- TASK DETAILS:
Output everything in the listing exactly, with no line missing.

- GIVEN ENTRIES:
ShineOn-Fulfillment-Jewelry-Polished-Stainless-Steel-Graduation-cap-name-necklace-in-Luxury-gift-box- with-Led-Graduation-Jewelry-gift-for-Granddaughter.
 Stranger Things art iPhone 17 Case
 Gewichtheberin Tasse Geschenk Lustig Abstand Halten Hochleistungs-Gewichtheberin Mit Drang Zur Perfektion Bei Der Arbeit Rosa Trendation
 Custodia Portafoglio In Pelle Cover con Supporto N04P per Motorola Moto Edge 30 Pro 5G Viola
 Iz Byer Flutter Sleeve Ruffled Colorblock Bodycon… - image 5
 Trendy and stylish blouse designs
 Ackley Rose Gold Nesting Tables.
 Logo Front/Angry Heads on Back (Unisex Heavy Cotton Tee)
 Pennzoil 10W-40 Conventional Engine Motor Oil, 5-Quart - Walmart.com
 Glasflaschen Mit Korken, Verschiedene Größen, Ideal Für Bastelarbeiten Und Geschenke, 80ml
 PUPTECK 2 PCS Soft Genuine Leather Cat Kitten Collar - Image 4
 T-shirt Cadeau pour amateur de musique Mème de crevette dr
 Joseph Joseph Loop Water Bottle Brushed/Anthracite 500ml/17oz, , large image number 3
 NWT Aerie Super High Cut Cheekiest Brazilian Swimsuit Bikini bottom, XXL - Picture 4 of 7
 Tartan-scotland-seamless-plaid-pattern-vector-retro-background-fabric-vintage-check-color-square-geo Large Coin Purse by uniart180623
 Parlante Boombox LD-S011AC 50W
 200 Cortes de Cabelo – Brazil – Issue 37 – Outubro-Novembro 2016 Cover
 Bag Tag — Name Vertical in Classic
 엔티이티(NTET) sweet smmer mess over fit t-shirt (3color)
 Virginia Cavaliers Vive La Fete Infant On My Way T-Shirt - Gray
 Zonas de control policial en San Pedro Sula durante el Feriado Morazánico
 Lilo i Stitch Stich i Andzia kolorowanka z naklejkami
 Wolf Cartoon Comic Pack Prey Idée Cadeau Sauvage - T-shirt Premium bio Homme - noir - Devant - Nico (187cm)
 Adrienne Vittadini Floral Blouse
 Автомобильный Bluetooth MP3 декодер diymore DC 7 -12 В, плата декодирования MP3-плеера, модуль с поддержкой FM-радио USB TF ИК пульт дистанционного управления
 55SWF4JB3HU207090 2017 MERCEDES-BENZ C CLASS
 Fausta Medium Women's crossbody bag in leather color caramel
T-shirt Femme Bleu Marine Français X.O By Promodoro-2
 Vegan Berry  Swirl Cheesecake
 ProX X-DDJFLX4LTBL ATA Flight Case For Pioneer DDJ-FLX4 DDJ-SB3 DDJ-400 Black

- WRITTEN ANSWER:
ShineOn-Fulfillment-Jewelry-Polished-Stainless-Steel-Graduation-cap-name-necklace-in-Luxury-gift-box- with-Led-Graduation-Jewelry-gift-for-Granddaughter.
 Stranger Things art iPhone 17 Case
 Gewichtheberin Tasse Geschenk Lustig Abstand Halten Hochleistungs-Gewichtheberin Mit Drang Zur Perfektion Bei Der Arbeit Rosa Trendation
 Custodia Portafoglio In Pelle Cover con Supporto N04P per Motorola Moto Edge 30 Pro 5G Viola
 Iz Byer Flutter Sleeve Ruffled Colorblock Bodycon… - image 5
 Trendy and stylish blouse designs
 Ackley Rose Gold Nesting Tables.
 Logo Front/Angry Heads on Back (Unisex Heavy Cotton Tee)
 Pennzoil 10W-40 Conventional Engine Motor Oil, 5-Quart - Walmart.com
 Glasflaschen Mit Korken, Verschiedene Größen, Ideal Für Bastelarbeiten Und Geschenke, 80ml
 PUPTECK 2 PCS Soft Genuine Leather Cat Kitten Collar - Image 4
 T-shirt Cadeau pour amateur de musique Mème de crevette dr
 Joseph Joseph Loop Water Bottle Brushed/Anthracite 500ml/17oz, , large image number 3
 NWT Aerie Super High Cut Cheekiest Brazilian Swimsuit Bikini bottom, XXL - Picture 4 of 7
 Tartan-scotland-seamless-plaid-pattern-vector-retro-background-fabric-vintage-check-color-square-geo Large Coin Purse by uniart180623
 Parlante Boombox LD-S011AC 50W
 200 Cortes de Cabelo – Brazil – Issue 37 – Outubro-Novembro 2016 Cover
 Bag Tag — Name Vertical in Classic
 엔티이티(NTET) sweet smmer mess over fit t-shirt (3color)
 Virginia Cavaliers Vive La Fete Infant On My Way T-Shirt - Gray
 Zonas de control policial en San Pedro Sula durante el Feriado Morazánico
 Lilo i Stitch Stich i Andzia kolorowanka z naklejkami
 Wolf Cartoon Comic Pack Prey Idée Cadeau Sauvage - T-shirt Premium bio Homme - noir - Devant - Nico (187cm)
 Adrienne Vittadini Floral Blouse
 Автомобильный Bluetooth MP3 декодер diymore DC 7 -12 В, плата декодирования MP3-плеера, модуль с поддержкой FM-радио USB TF ИК пульт дистанционного управления
 55SWF4JB3HU207090 2017 MERCEDES-BENZ C CLASS
 Fausta Medium Women's crossbody bag in leather color caramel
T-shirt Femme Bleu Marine Français X.O By Promodoro-2
 Vegan Berry  Swirl Cheesecake
 ProX X-DDJFLX4LTBL ATA Flight Case For Pioneer DDJ-FLX4 DDJ-SB3 DDJ-400 Black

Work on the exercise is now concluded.